§ **LISTED RECORDS**
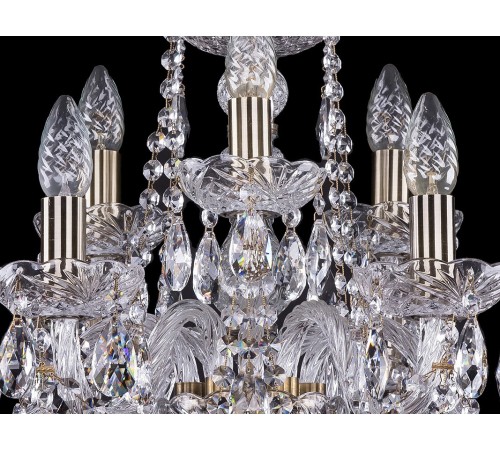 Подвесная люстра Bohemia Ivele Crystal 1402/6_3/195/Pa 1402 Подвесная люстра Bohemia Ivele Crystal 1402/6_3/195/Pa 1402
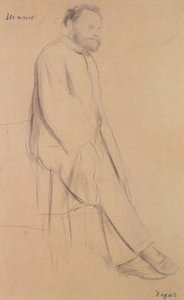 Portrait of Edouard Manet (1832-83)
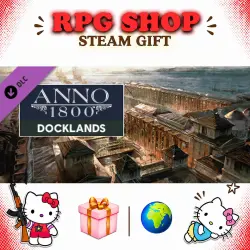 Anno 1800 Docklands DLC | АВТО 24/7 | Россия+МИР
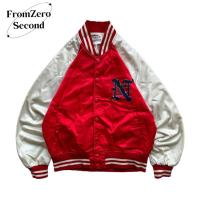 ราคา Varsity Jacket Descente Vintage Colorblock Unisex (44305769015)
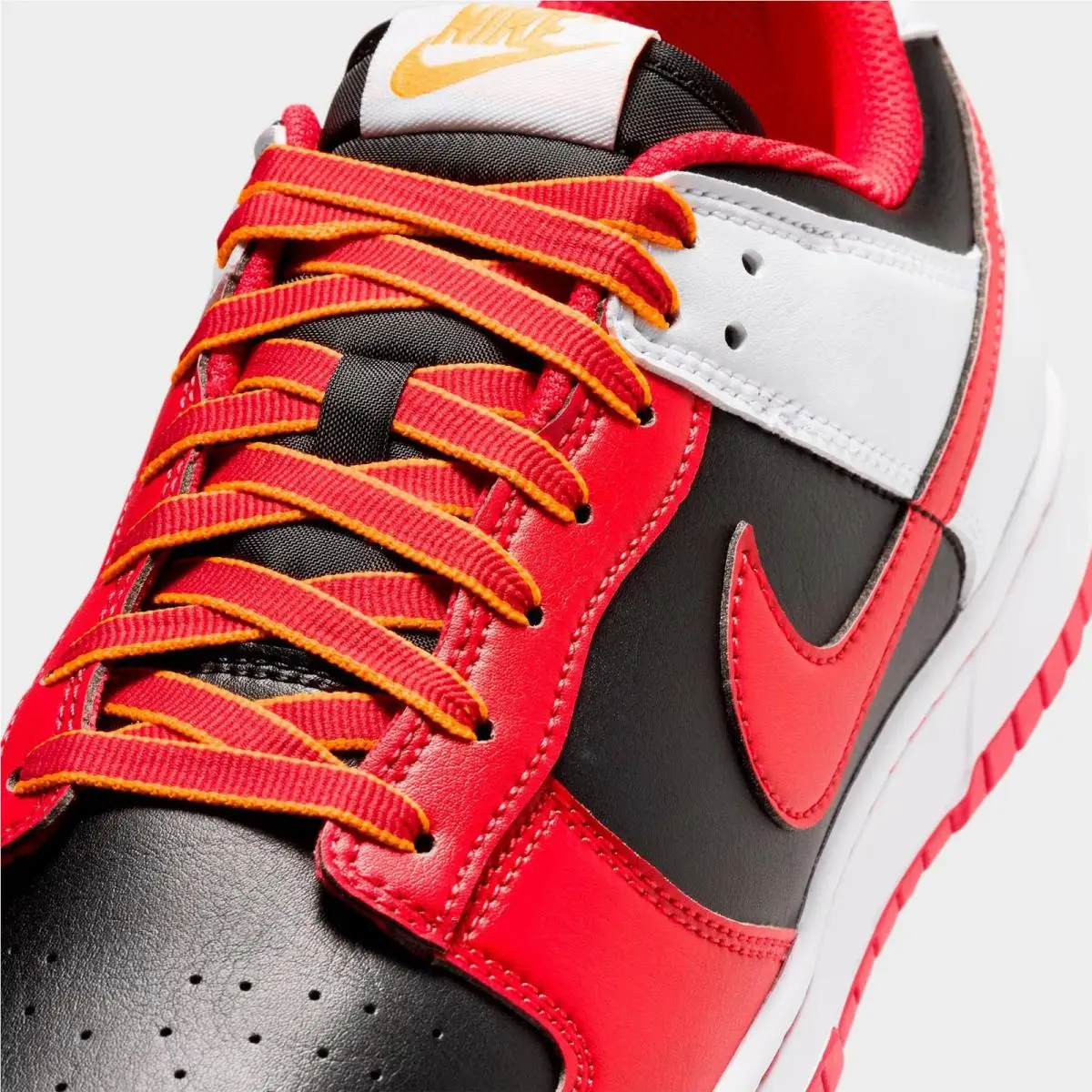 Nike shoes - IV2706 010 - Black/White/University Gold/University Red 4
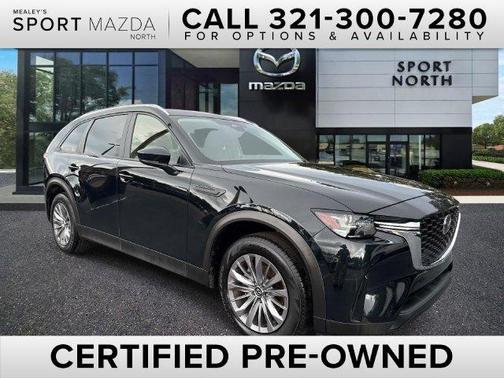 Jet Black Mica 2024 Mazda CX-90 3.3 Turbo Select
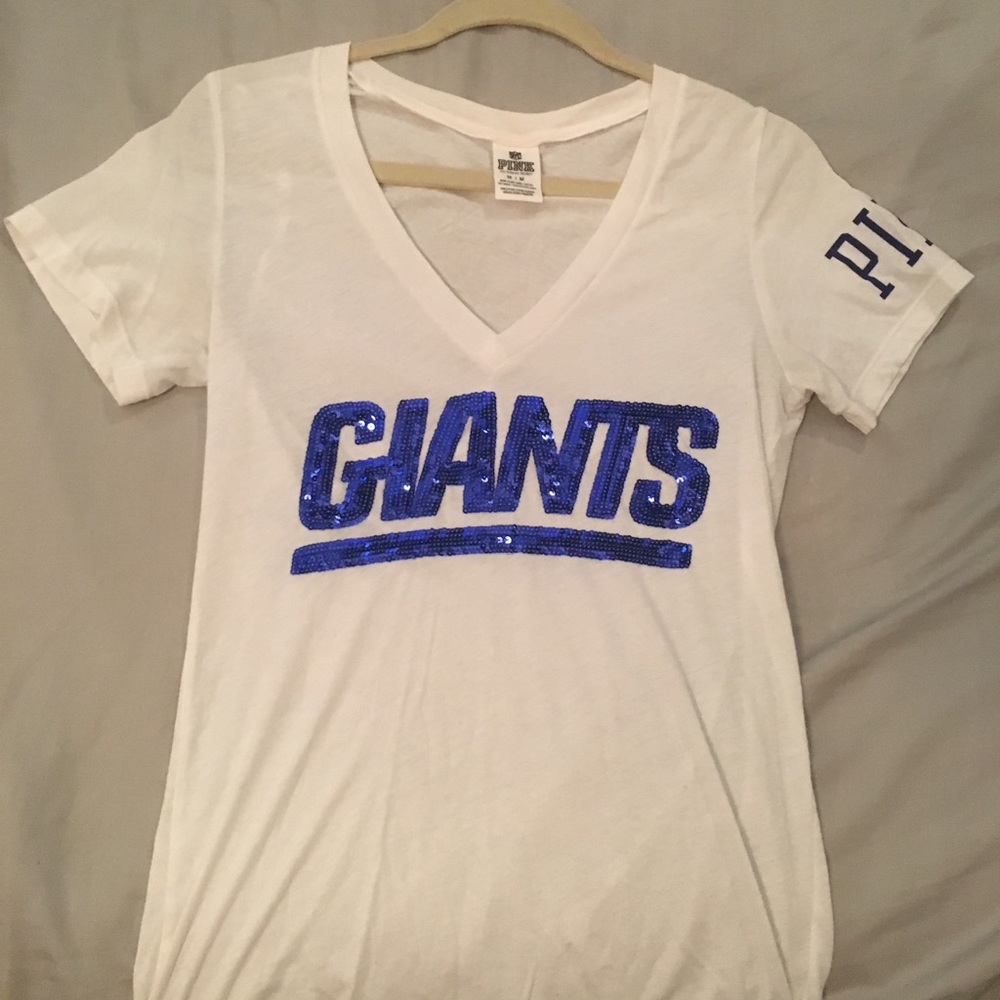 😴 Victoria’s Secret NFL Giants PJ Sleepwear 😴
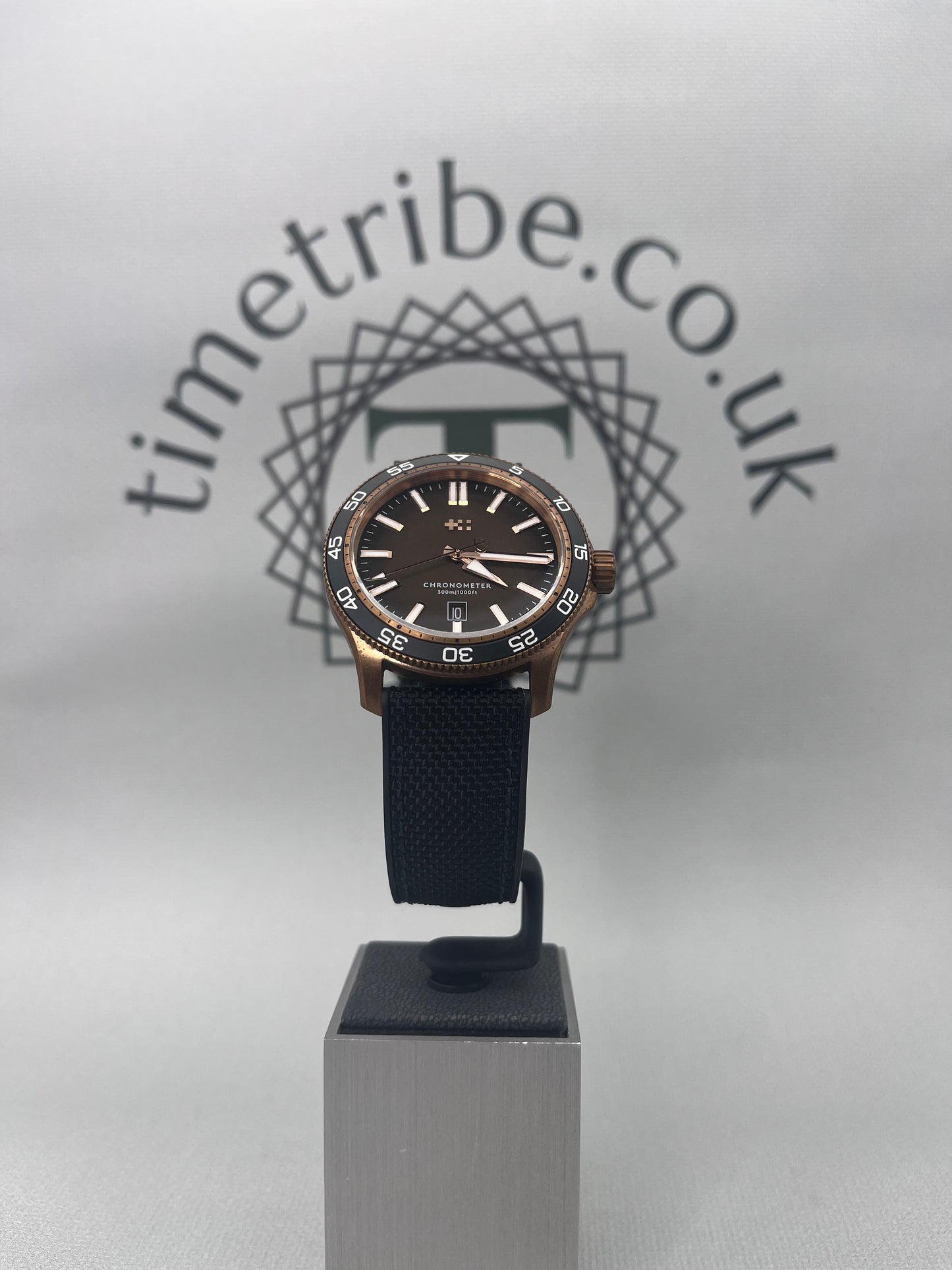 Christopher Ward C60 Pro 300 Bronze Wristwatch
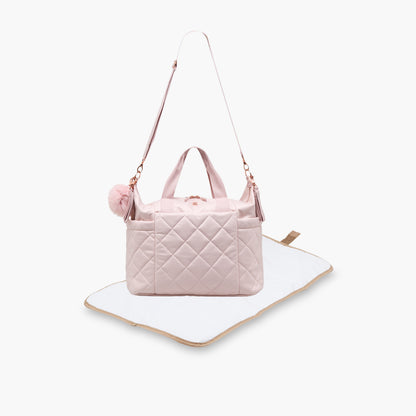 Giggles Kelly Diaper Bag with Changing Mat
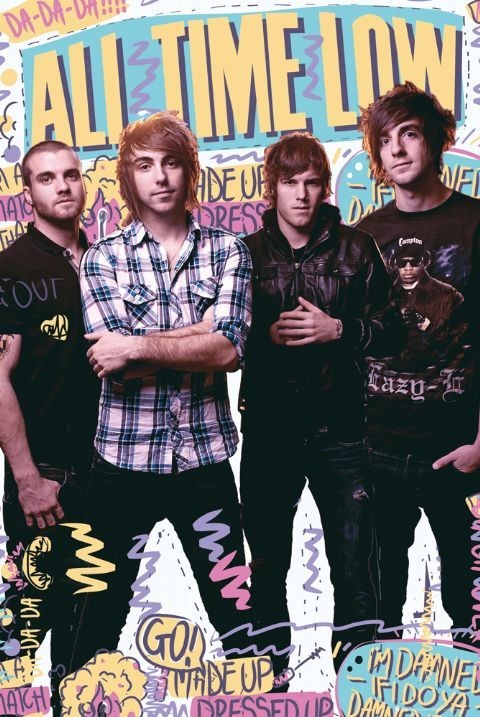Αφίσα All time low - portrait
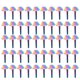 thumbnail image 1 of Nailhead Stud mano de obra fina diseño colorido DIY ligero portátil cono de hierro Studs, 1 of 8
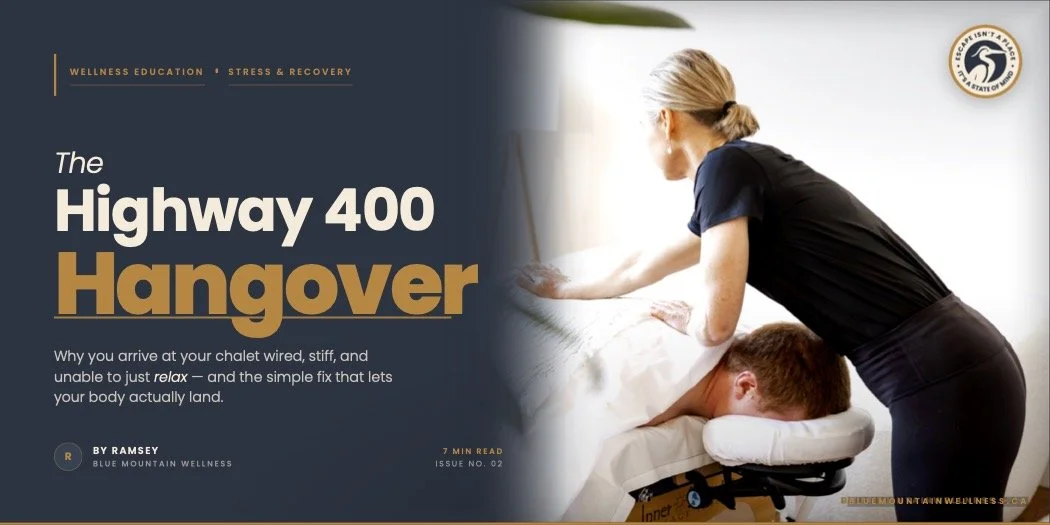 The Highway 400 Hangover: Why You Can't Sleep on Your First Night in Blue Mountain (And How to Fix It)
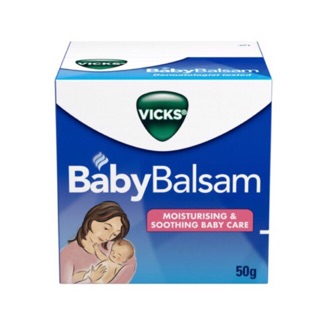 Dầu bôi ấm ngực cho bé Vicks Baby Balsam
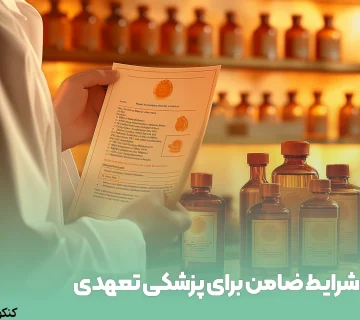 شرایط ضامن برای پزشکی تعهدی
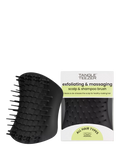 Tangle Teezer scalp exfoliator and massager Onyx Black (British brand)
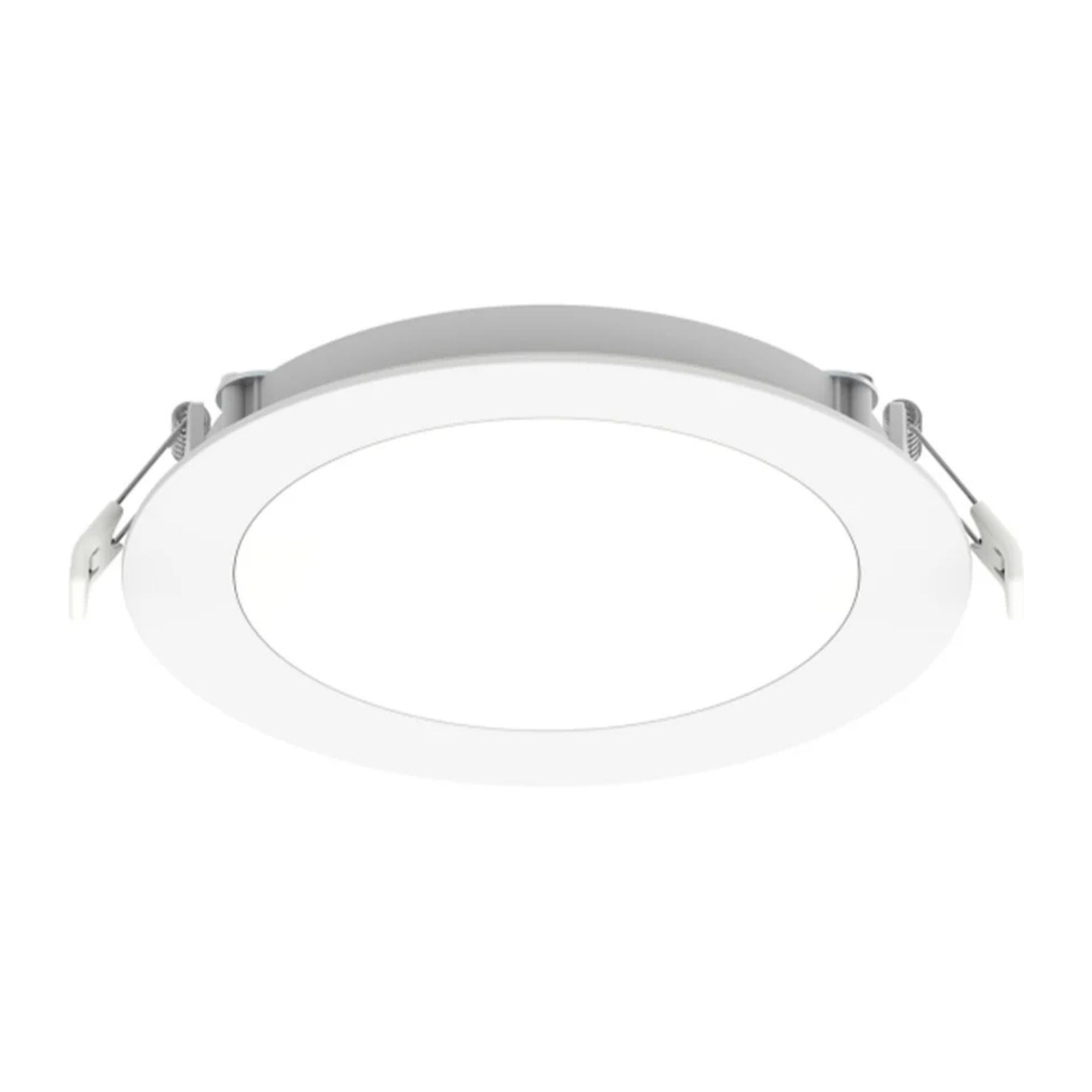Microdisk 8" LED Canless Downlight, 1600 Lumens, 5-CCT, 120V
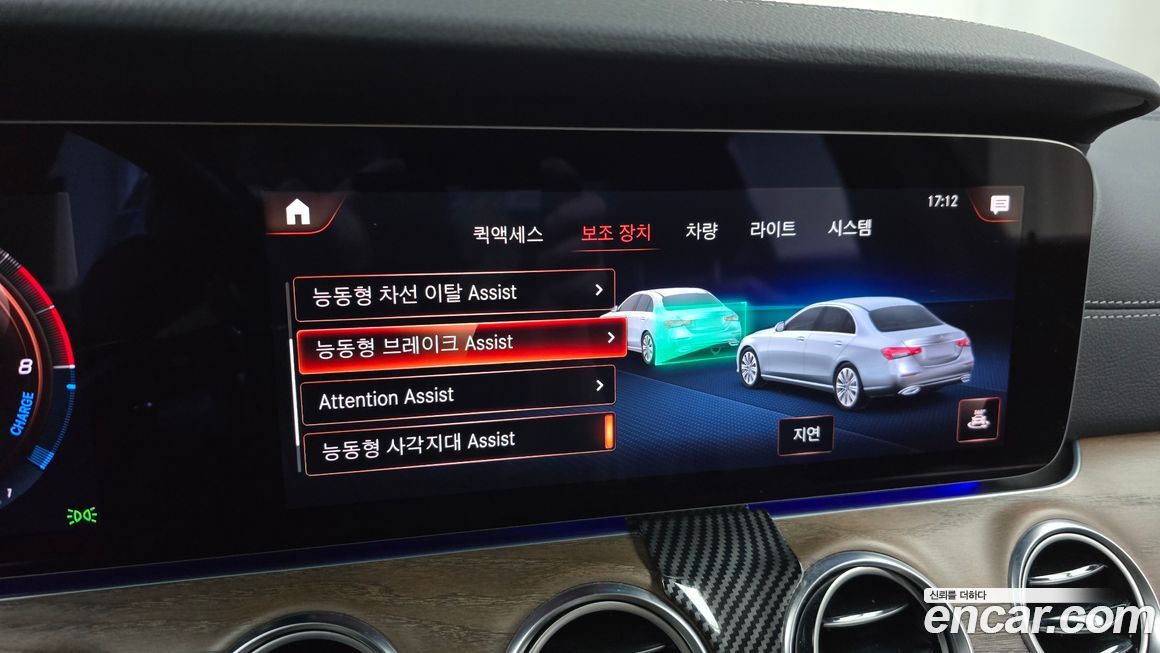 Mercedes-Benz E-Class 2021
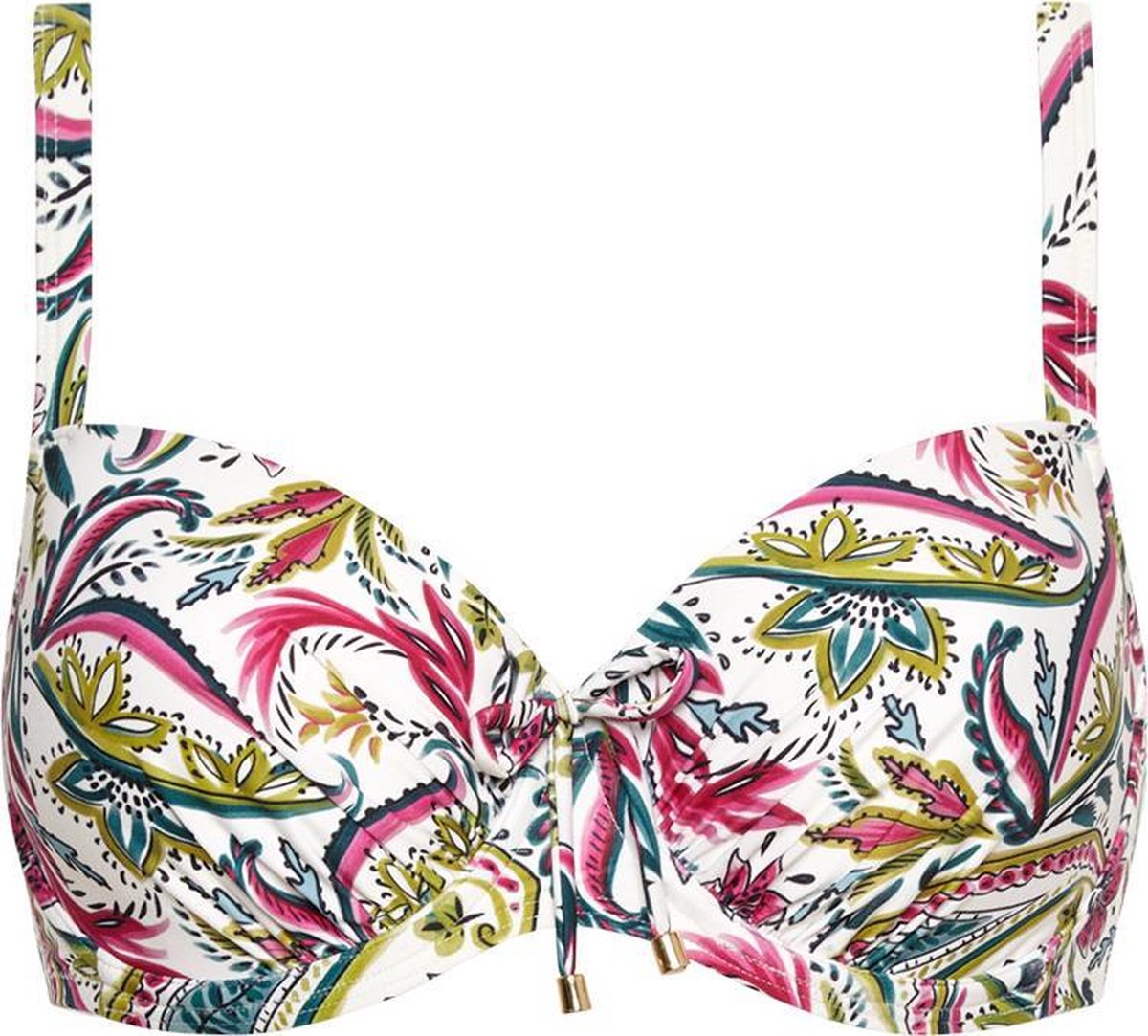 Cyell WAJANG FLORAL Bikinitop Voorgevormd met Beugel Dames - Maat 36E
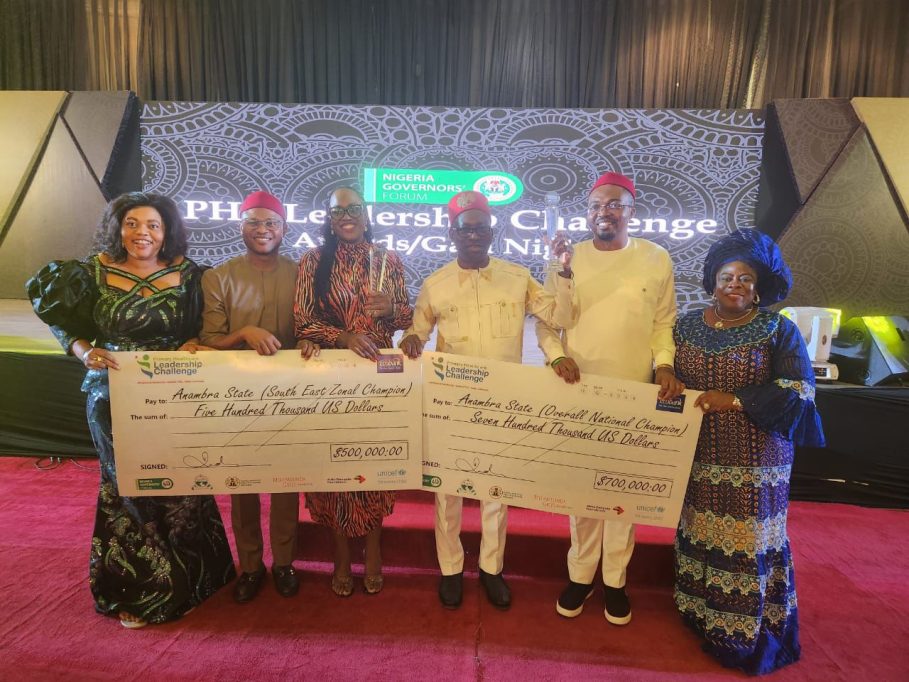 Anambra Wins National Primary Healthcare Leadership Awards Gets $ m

§ **YOUR ASSIGNMENT**
Make an exact copy of the data, leaving its pictures out.

§ **SOLUTION TO THE PROBLEM**
 Подвесная люстра Bohemia Ivele Crystal 1402/6_3/195/Pa 1402 Подвесная люстра Bohemia Ivele Crystal 1402/6_3/195/Pa 1402
 Portrait of Edouard Manet (1832-83)
 Anno 1800 Docklands DLC | АВТО 24/7 | Россия+МИР
 ราคา Varsity Jacket Descente Vintage Colorblock Unisex (44305769015)
 Nike shoes - IV2706 010 - Black/White/University Gold/University Red 4
 Jet Black Mica 2024 Mazda CX-90 3.3 Turbo Select
 😴 Victoria’s Secret NFL Giants PJ Sleepwear 😴
 Christopher Ward C60 Pro 300 Bronze Wristwatch
 Giggles Kelly Diaper Bag with Changing Mat
Αφίσα All time low - portrait
 thumbnail image 1 of Nailhead Stud mano de obra fina diseño colorido DIY ligero portátil cono de hierro Studs, 1 of 8
 The Highway 400 Hangover: Why You Can't Sleep on Your First Night in Blue Mountain (And How to Fix It)
 Dầu bôi ấm ngực cho bé Vicks Baby Balsam
 شرایط ضامن برای پزشکی تعهدی
 Tangle Teezer scalp exfoliator and massager Onyx Black (British brand)
Microdisk 8" LED Canless Downlight, 1600 Lumens, 5-CCT, 120V
 Mercedes-Benz E-Class 2021
 Cyell WAJANG FLORAL Bikinitop Voorgevormd met Beugel Dames - Maat 36E
 Anambra Wins National Primary Healthcare Leadership Awards Gets $ m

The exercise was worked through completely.